Published 3:19 am Wednesday, September 16, 2009

By Staff
Lydia Grimes
Forgotten Trails
I want to continue writing about the history of Escambia County as written by Ethel Hoomes back in 1934.
The territory now constituting Escambia County was, by turns, from 1559 until September 1783, when by the Treaty of Paris, England acknowledged the independence of the United States, under the control of Spain, France, Spain again, and then England, from 1753 until 1783.
England had previously ceded to Spain the territory as far north as 32 deg. 28th parallel, thus the Spaniards claimed by a prior treaty with England the southern portion of Alabama including Escambia County, but by the Pinkney Treaty, in 1795, Spain ceded this territory to the United States.
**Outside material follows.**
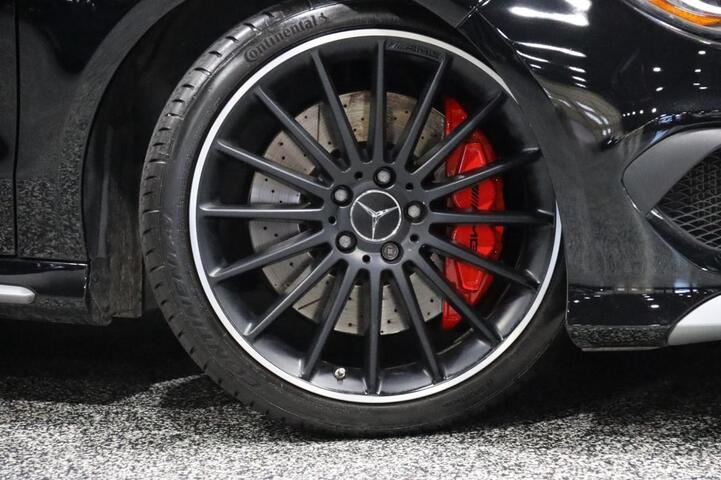 2016 Mercedes-Benz AMG CLA 45 4MATIC w/Performance Pkgs 4dr Sedan Chicago IL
From that date the territory embracing Escambia County had belonged to the United States with the exception of the period from 1861 to 1865, when it was a part of the Confederate States of America.
Escambia County was at one time a part of Florida and at one time a part of Georgia. It has, at different times, been a part of Monroe, Conecuh and Baldwin counties. By an act of the legislature, approved on Dec. 10, 1868, the present county was formed. The name “Escambia” was given the county from the river that the Indians had named Escambia meaning “clear water.”
While Escambia was still a part of Conecuh County, the county seat was moved from Sparta to Evergreen in 1868. This caused a feeling of indignation on the part of the people in the southern end of the county, the result of which was the formation of Escambia County, with the county seat being at Pollard.
For many years the Indians held uninterrupted domain over the territory that is now Escambia County. It was there that the important fight between the Indians and white settlers of this section, known as the Battle of Burnt Corn, took place. This battle, which was the beginning of the great Indian War, occurred about 10 miles north of Brewton in 1813. Peter McQueen gathered about 350 Indian warriors and carried them to Pensacola to obtain supplies from the British so that they might make an attack on the settlers at Fort Mims on the Alabama River. When the settlers on the Tombigbee heard of this they sent Col. James Caller with a small body of cavalry, to intercept and surprise the Indians.
They pitched camp at a point on the Burnt Corn Creek when they returned from Pensacola with their supplies and arms. They turned their ponies out to graze, and the warriors were lounging around the camp while the squaws were preparing supper. It was at this point that Col. Caller’s forces located them, having crossed Burnt Corn Creek and coming south, and the direction from which the Indians had just come.